Perjalan Hidup Malik tidak hanya sampai di pulau jawa. Ia kembali ke Minangkabau dengan misi mengembangkan Muhammadiyah ke Minangkabau. Selama diperantau ia banyak nemimba ilmu agama dan cukup disegani oleh Muhammadiyah, namun sesampainya di Minangkabau ia hanya dianggap sebagai tukang pidato bukan ahli agama. Hal ini disebabkan oleh kurang pasnya penggunaan tata letak bahasa, nahwu da sharaf. Kekurang ini dikaitkan karena tidak menyelesaikan pendidikannya di Tawalib.

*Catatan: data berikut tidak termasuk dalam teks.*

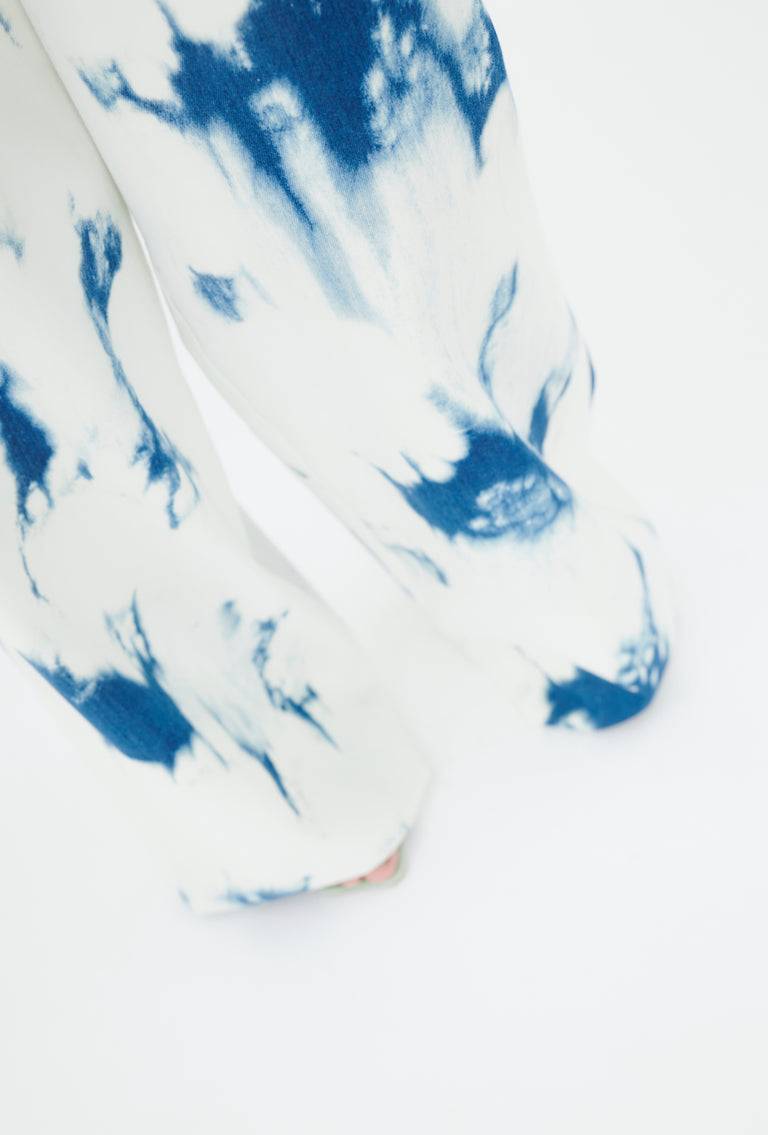 Odeeh Tie Dye Denim "Made In Italy" Hose, Blue White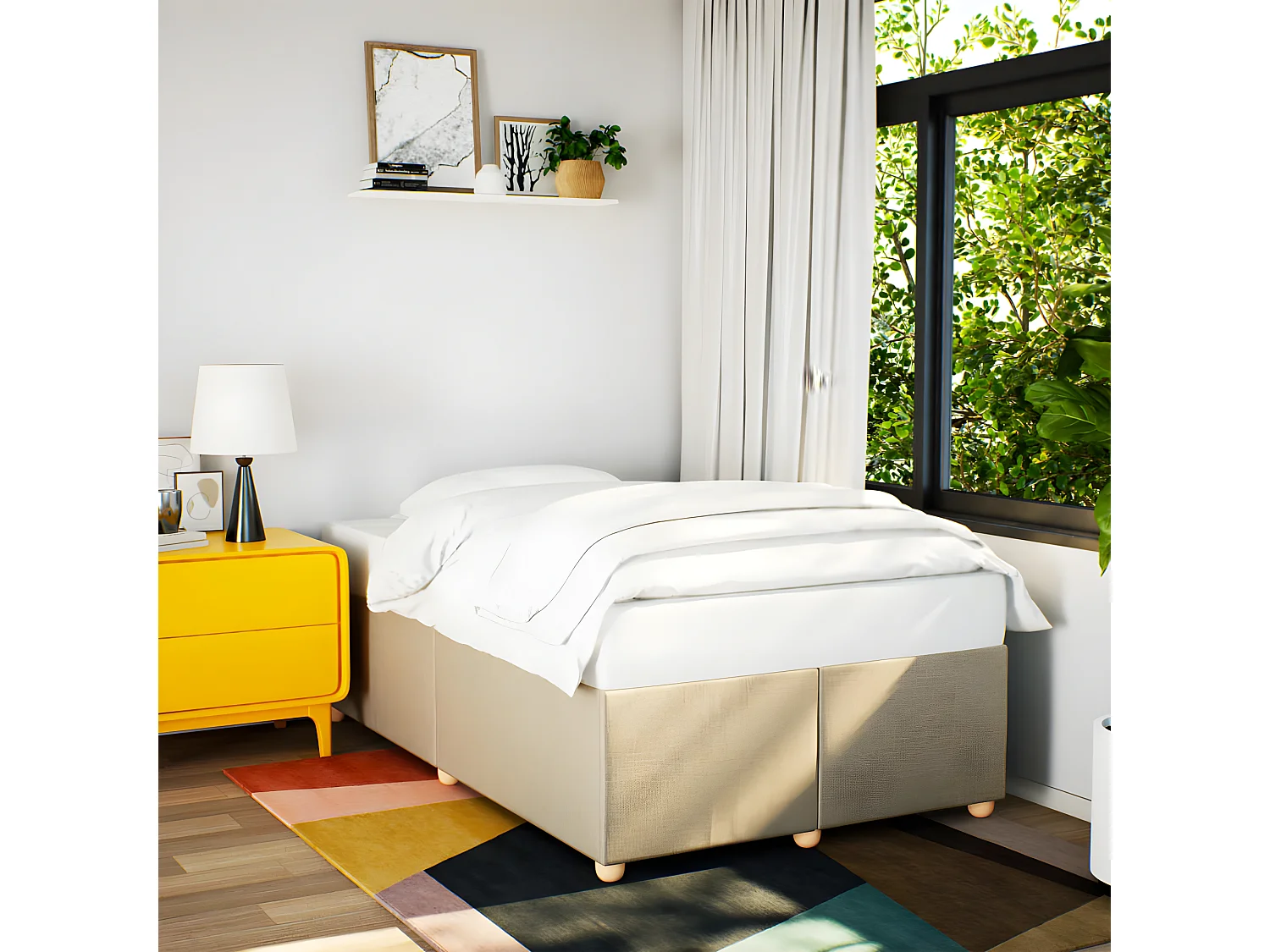 Estrutura de cama 120x190 cm tecido cor creme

Ilmu yang diperoleh salam di Jawa ternyata tidak terlalu banyak mengubah padangan orang-orang disekitarnya. Kekecewaannya bertambah saat ia gagal melamar untuk menjadi guru saat Muhammadiyah membuka sekolah di Padang Panjang. Alasannya adalah tidak memiliki ijazah diploma. Dia mencurahkan kegundahan yang dialaminya kepada andungnya. Ia ingin pergi ke Makkah sendiri.Walaupun terkendala dengan biaya ia tetap ingin pergi. Dengan berjalan kaki dari Maninjau ke Padang dan dari Padang naik kapal. Ia bertemu dengan temannya bernama Isa di pelabuhan Belawan. Isa membarinya sedikit ongkos untuk ke Makkah. Februari 1927 Hamka berangkat haji bersama jemaah haji Indonesia. Selama diperjalanan ia cukup dihormati kerena kepandaiaanya membaca Al-Quran.
Sesampai di Makkah ia bekerja di percetakan Hamid Kurdi, yaitu mertua dari ulama Minangkabau Ahmad Chatib. Selama di Makkah ia benyak membaca dan belajar kita-kita klasik dan buku-buku tentang Islama. Hamkah sempatmemberikan pelajaran agama bagi jemaah haji asal Indonesia. Keinginan Hamka untuk menetap di Makkah batal karena bertemu dengan Agus Salim. Bujukan Agus Salim berhasil membawa Hamka kembali pulang ke tanah air, namu ia tidak pulang ke Padang Panjang. Kapal yang ditumpanginya berhenti di Medan dan ia pun ikut turun di Medan. Disinilah ia memulai karirnya sebagai jurnalis dan juga mengajar.
Hamka kembali ke Padang Panjang setelah gempa bumi meluluh lantahkan rumahnya di Sungai Batang, itupun karena bujukan dari kakak iparnya yang bertemu di Medan. Kepulanganya ke Padang Panjang mengejutkan ayahnya. Ternyata kepergiannya ke Makkah tidak diketahui oleh ayahnya. Ayahnya merasa bersalah dan menerima dirinya apa adanya. Untuk menebus rasa bersalah kepada ayahnya ia menerima permintaan ayahnya dengan menikahi Siti Raham tanggal 5 April 1929. Setelah menikah ia kembali Padang Panjang dan ia menjabat sebagai ketua Muhammadiyah sekaligus sebagai pimpinan sekolah Tablik.